Predicting the Performance of Graph Convolutional Networks with Spectral Properties of the Graph Laplacian
This addresses the challenge of optimizing GCNs for researchers and practitioners by providing a predictive metric, though it is incremental as it builds on known spectral graph theory.
The paper tackles the problem of predicting Graph Convolutional Network (GCN) performance by using the Fiedler value (algebraic connectivity) of the graph Laplacian, showing empirically that it correlates with performance on tasks like node classification across synthetic and real datasets such as Cora, CiteSeer, and Polblogs.

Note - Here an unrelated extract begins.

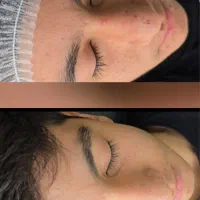 فیشال تخصصی صورت وایتنینگ بدن در کلینیک زیرنظرپزشک|خدمات آرایشگری و زیبایی|اسلامشهر, باغ فیض|دیوار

A common observation in the Graph Convolutional Network (GCN) literature is that stacking GCN layers may or may not result in better performance on tasks like node classification and edge prediction. We have found empirically that a graph's algebraic connectivity, which is known as the Fiedler value, is a good predictor of GCN performance. Intuitively, graphs with similar Fiedler values have analogous structural properties, suggesting that the same filters and hyperparameters may yield similar results when used with GCNs, and that transfer learning may be more effective between graphs with similar algebraic connectivity. We explore this theoretically and empirically with experiments on synthetic and real graph data, including the Cora, CiteSeer and Polblogs datasets. We explore multiple ways of aggregating the Fiedler value for connected components in the graphs to arrive at a value for the entire graph, and show that it can be used to predict GCN performance. We also present theoretical arguments as to why the Fiedler value is a good predictor.